James: A Personal Mobile Universal Speech Interface for Electronic Devices
Thomas K Harris
October 31, 2002
Master of Science proposal
Carnegie Mellon University
School of Computer Science
JAMES 9
James: A Personal Mobile Universal Speech Interface for Electronic Devices
Abstract
I propose to implement and study a personal mobile universal speech interface for human-device interaction, which I call James. James communicates with devices through a defined communication protocol, which allows it to be separated from the devices that it controls. This separation allows a mobile user to carry James as their personal speech interface around with them, using James to interact universally with any device adapted to communicate in the language. My colleagues and I have investigated many issues of human-device speech interaction and proposed certain interaction design decisions, which we refer to as interaction primitives. These primitives have been incorporated in a working prototype of James. I propose to measure the quality of the proposed interface. It is my belief that this investigation will demonstrate that a high quality and low cost human-device interface can be built that is largely device agnostic. This would begin to validate our interaction primitives, and provide a base-line for future study in this area.
Introduction
Scope. In the context of this thesis, an electronic device is defined in to be an entity with electronic control that serves a general purpose and a relatively coherent set of functions, in which the main interaction between device and user is that of user control over device state and behavior. This definition includes normal household devices and consumer electronics such as cell phones, dishwashers, televisions, and lights; office equipment such as copy machines and fax machines; and industrial machines such as looms and cranes. This definition also includes devices that could be implemented purely in software such as a chess game or a media player, as long as the main interaction of the device is to receive commands and respond to simple state information requests. Because this proposal employs devices that are generally common, and also because the need for the device motivates its use, I make the assumption that the general purpose of the device is known a priori by the user and that some aspects of its behavior are predictable by the user.
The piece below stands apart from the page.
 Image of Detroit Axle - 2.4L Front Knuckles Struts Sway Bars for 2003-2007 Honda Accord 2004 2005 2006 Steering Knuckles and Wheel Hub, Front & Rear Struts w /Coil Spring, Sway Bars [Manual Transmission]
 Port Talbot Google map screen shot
Completed Work. I have drawn upon the interaction language from the Universal Speech Interface (USI) project [1], and, with Roni Rosenfeld, have augmented the language from its original purpose of information access to that of electronic device control. Because James uses interaction primitives that are only slightly different from the interaction primitives of existing USI applications, it can be described as an augmented Universal Speech Interface. James inherits its device specification and device communication protocols from the Personal Universal Controller (PUC) project [2]. James is, in all respects, a Personal Universal Controller. The simultaneous control of two devices - a common shelf stereo, and a digital video camera - have been implemented. These devices were demonstrated at the August, 2002, Pittsburgh Digital Greenhouse (PDG) [3] Technical Advisory Board Meeting, at the 4th International Conference on Multimodal Interfaces (ICMI) [4], and the 15th Annual Symposium on User Interface Software and Technology (UIST) [5]. Two papers have been published that describing the work [2][6].
Related Work. Three systems have directly influenced the design of James [1][2][7], and several other systems elucidate alternative yet similar solutions for human-device speech interfaces [8][9][10].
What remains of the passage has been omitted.